By Kevin Glew
Cooperstowners in Canada
My weekly roundup of former Toronto Blue Jays news and notes:
Player Signings
(Some of these transactions date back to December.)
–RHP Chase De Jong (Blue Jays’ 2012 second-round pick) signs a minor league deal with the Pittsburgh Pirates.
–INF/OF Brandon Drury signs a minor league deal with the New York Mets. He will reportedly be paid $1.55 million if he cracks the big league roster this season, according to Jon Heyman of the MLB Network. With bonuses, he has a chance to make $2.05 million.
–INF Christian Lopes (Blue Jays’ 2011 seventh-round pick) signs a minor league deal with the Arizona Diamondbacks.
–RHP Deck McGuire signs with the Rakuten Monkeys of the Chinese Professional Baseball League.
–1B/3B Mitch Nay (Blue Jays’ 2012 first round (supplementary) pick) signs a minor league deal with the Los Angeles Angels.
Coaches
– Arizona Diamondbacks manager Torey Lovullo (first base coach for the Blue Jays in 2011 and 2012) has announced that former Blue Jays Dave McKay (first base coach, from Vancouver, B.C.), Darnell Coles (hitting coach) and Eric Hinske (assistant hitting coach) will return to the D-Backs staff in 2021.
-Philadelphia Phillies manager Joe Girardi announced that Bobby Meacham, who managed class-A, double-A and triple-A clubs in the Blue Jays’ organization from 2013 to 2019, will return as a coaching assistant. Canadian Baseball Hall of Fame inductee Rob Thomson (Corunna, Ont.) will also be back as Girardi’s bench coach.
Happy Birthday!
Happy 51st Birthday to Ajax, Ont., native, former Toronto Blue Jays prospect, ex-big leaguer and Nippon Ham Fighters superstar Nigel Wilson!

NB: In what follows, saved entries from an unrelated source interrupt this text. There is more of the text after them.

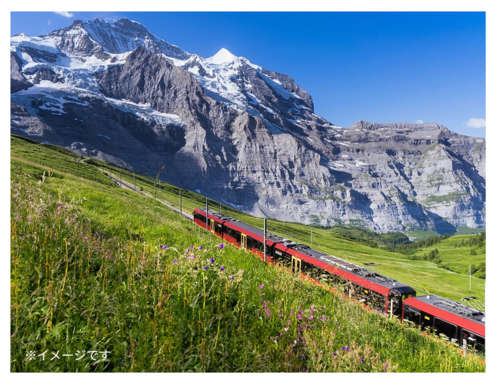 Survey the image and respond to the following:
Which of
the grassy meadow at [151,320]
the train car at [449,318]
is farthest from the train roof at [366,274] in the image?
the grassy meadow at [151,320]

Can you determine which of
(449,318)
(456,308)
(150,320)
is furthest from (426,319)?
(150,320)

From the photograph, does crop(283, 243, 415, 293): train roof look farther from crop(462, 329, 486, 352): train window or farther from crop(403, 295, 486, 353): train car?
A: crop(462, 329, 486, 352): train window

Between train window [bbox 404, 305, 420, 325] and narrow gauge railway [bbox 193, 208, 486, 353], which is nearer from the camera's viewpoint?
narrow gauge railway [bbox 193, 208, 486, 353]

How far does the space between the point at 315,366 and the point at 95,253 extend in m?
3.48

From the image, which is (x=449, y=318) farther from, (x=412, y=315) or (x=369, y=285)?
(x=369, y=285)

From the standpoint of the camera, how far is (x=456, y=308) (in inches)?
586

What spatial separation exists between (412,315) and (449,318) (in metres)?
2.02

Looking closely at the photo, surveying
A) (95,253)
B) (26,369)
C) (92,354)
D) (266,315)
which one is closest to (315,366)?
(266,315)

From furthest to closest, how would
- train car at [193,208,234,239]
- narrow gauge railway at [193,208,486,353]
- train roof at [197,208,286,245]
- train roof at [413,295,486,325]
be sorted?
1. train car at [193,208,234,239]
2. train roof at [197,208,286,245]
3. train roof at [413,295,486,325]
4. narrow gauge railway at [193,208,486,353]

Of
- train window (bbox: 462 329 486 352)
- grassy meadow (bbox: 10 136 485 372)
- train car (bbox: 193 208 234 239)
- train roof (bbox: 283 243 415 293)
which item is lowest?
train window (bbox: 462 329 486 352)

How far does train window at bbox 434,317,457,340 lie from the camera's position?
45.9ft

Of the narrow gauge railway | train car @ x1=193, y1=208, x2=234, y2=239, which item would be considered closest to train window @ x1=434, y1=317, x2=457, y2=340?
the narrow gauge railway

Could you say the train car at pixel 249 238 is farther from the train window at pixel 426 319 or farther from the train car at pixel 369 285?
the train window at pixel 426 319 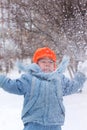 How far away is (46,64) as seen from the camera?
3.96 m

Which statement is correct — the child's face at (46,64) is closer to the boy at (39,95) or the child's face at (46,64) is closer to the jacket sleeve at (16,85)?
the boy at (39,95)

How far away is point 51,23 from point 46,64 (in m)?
12.0

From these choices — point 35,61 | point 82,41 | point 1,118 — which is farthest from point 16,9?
point 35,61

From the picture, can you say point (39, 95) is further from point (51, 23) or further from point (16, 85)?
point (51, 23)

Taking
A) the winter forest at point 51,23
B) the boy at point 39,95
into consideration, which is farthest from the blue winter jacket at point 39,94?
the winter forest at point 51,23

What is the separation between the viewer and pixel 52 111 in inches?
152

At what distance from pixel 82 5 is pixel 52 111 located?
11.9 metres

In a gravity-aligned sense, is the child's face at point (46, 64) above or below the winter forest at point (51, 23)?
below

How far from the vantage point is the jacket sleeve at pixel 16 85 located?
3.83 m

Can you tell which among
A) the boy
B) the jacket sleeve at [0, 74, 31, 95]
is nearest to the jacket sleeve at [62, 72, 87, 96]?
the boy

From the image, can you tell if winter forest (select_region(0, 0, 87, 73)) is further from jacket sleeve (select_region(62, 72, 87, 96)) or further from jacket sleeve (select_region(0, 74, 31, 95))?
jacket sleeve (select_region(0, 74, 31, 95))

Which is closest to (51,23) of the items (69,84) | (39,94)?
(69,84)

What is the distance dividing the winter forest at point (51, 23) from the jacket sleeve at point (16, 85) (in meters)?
10.5

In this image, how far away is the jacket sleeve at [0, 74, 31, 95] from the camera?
12.6ft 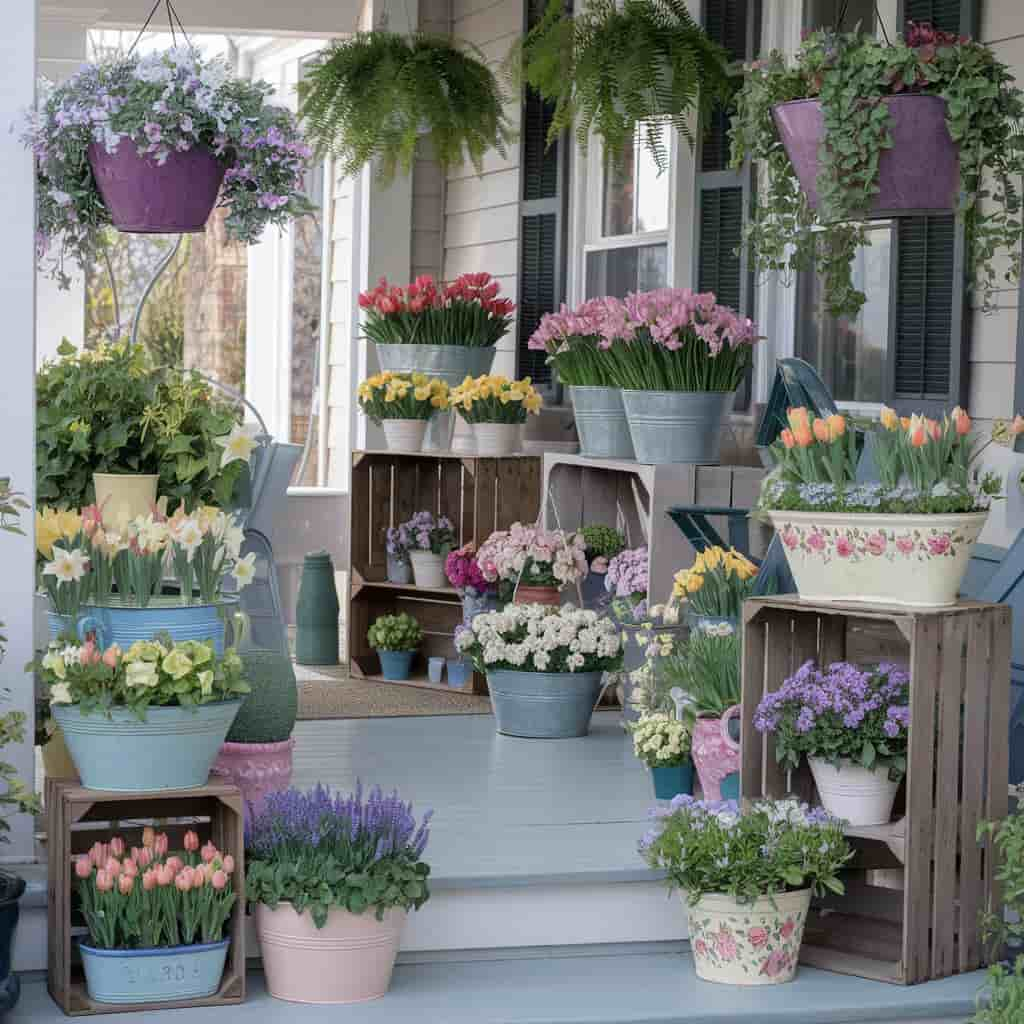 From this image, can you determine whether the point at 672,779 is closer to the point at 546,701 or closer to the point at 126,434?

“Nigel Wilson could hit balls about as far as anyone I’ve ever seen,” former Toronto Blue Jays reliever and Wilson’s ex-Dunedin Blue Jays teammate, Scott Brow, once told me. “I mean that guy would hit balls in Dunedin that would carry over the light stand and then disappear into the darkness and you’re like, ‘How far did that go?’ Like literally how far did that ball go? 500 or 600 feet? Because that ball was still climbing when it went over the light stand.”
Canadian Baseball Photo of the Week

Mark Eichhorn, a shortstop?
I was doing some research and discovered that 42 years ago this past Saturday when Mark Eichhorn was selected in the 1979 January amateur draft by the Blue Jays he was considered a shortstop (See clipping below). As far as I can tell, he never played shortstop in a game in the Blue Jays’ system and, as we know, he eventually developed a sidearm delivery that made him one of the best middle relievers in the franchise’s history.
Thank you for the Jays updates and other great info. Never knew Mark was a SS!
Thanks for your comment and support, Scott.